En quoi consiste le projet de formation ? Quelle a été la genèse de celui-ci ?
N.M. : Nous avons construit la première expérience des chantiers citoyens que nous menions avec la Mission locale. Puis nous avons eu un premier financement de la Région au travers du Fonds Régional d’Initiative à la formation pour faire de cette initiative territoriale une véritable étape dans le parcours d’insertion socioprofessionnelle des jeunes par la découverte des métiers. Pour coller aux attendus de la Région, nous sommes devenus organisme de formation certifié Qualiopi mais notre pédagogie repose beaucoup sur le faire. Cette certification nous a permis de formaliser davantage ce que nous faisions. Les chantiers citoyens s’articulent désormais à des actions de remobilisation professionnelle.
En quoi l’appel à projets DEFFINOV a été une opportunité pour développer / structurer le projet de formation ? En quoi la réunion d’un consortium d’acteurs de formation est moteur pour le projet ?
N.M. : DEFFINOV a été pour nous une opportunité de développer des actions de remobilisation autour des métiers de la transition écologique. De le mettre en résonance avec un écosystème local qui travaille autour des questions du réemploi et un besoin identifié de personnel qualifié sur ce domaine et le recylage ou la réutilisation. Sur le territoire, la déchetterie, la matériauthèque, la boutique Emmaüs sont aussi des initiatives qui accueillent des publics éloignés de l’emploi, au carrefour de l’insertion professionnelle et de l’économie circulaire. L’idée est de faciliter le passage à l’action, et d’accompagner des personnes à la maîtrise des machines, l’expertise des matériaux en constituant autour d’une formation un consortium (de 12 structures du territoire) qui mobilise nos savoir-faire, la pédagogique de la Colporteuse, des situations concrètes d’apprentissage et ces métiers que l’on appelle les « recyculteurs ». Recyculteur : des métiers manuels avec une visée d’économie verte au service de la
transition écologique. Cette formation est destinée à permettre à des gens qui n’ont pas de compétences professionnelles dans ces domaines de pouvoir accéder à des emplois qui sont accessibles sur le territoire. Nous avons mis autour de la table à la fois des acteurs de l’économie, de la ressource, de l’économie circulaire, de l’insertion et de la formation professionnelle. DEFFINOV nous a donné les moyens de réunir ces structures et de réfléchir ensemble à une formation, de faire en sorte que cette formation se déroule à la fois à la Colporteuse mais aussi dans les entreprises du territoire, autour d’une compétence nécessaire sur celui-ci et pour laquelle nous manquons de formations. En dialogue avec la Région, nous avons également cherché à intégrer des modules au sein de formations existantes. Comme par exemple un module sur la réparation dans une formation de machinisme agricole, ce que nous avons initié avec la Maison Familiale Rurale Sevreurope, organisme de formation qui nous soutient dans le développement de nos formations ainsi que dans l’essaimage de nos modules au sein de leurs formations préexistantes, avec une méthode à contre-courant de leurs modalités pédagogiques usuelles.

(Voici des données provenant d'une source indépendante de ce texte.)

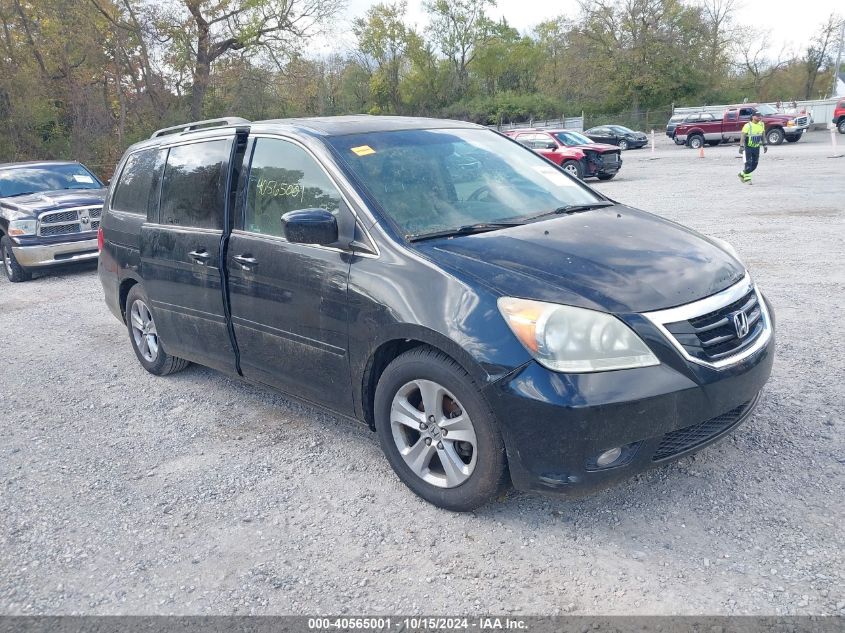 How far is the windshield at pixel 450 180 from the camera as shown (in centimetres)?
395

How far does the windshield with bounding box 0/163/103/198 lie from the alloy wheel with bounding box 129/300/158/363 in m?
7.21

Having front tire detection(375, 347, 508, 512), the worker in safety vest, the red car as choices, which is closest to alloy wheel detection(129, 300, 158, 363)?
front tire detection(375, 347, 508, 512)

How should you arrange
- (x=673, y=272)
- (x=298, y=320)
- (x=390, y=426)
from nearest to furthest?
(x=673, y=272), (x=390, y=426), (x=298, y=320)

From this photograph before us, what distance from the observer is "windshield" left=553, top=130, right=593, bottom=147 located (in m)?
24.1

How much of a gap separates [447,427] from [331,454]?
1.15 meters

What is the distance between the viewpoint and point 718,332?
130 inches

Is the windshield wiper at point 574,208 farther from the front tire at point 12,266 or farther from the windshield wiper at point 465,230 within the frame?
the front tire at point 12,266

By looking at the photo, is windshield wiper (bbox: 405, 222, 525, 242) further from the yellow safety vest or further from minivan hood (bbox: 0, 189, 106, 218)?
the yellow safety vest

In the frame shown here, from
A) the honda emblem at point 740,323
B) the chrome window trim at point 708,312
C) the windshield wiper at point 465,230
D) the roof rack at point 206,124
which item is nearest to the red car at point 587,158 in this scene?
the roof rack at point 206,124

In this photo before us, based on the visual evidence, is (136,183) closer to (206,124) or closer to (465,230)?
(206,124)

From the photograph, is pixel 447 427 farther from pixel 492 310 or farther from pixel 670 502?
pixel 670 502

Cette formation est destinée à permettre à des gens qui n’ont pas de compétences professionnelles dans la transition écologique, de pouvoir accéder à des emplois, accessibles sur le territoire, dans ce domaine.
Ce qui change avec DEFFINOV et ce programme ?
N.M. : Ce que nous faisions avant dans nos murs est aujourd’hui déployé sur l’ensemble du territoire, au service des acteurs, des demandeurs d’emploi et des collectivités locales. D’ailleurs, les réalisations de ces formations suivent toutes un fil rouge en collaborant avec une collectivité pour répondre à une commande, par exemple de mobilier urbain, que l’on réalise avec des matériaux de réemploi. Dernièrement par exemple, nous avons construit un abribus utilisé depuis par les collégiens du village de l’Argentonnay. Cela démontre aussi que le réemploi est aussi esthétique, et mobilise un véritable savoir-faire, au service du territoire, qui débouche sur une réalisation concrète avec des projets qui portent un sens collectif. Chez l’ensemble des partenaires du consortium, les formations abordent ainsi un sujet spécifique qui est lié à la recyculture (collecte des déchets, gestion, valorisation, commercialisation …), ce qui permet aux stagiaires de connaître l’ensemble du cercle vertueux du réemploi et d’augmenter leur connaissance du territoire.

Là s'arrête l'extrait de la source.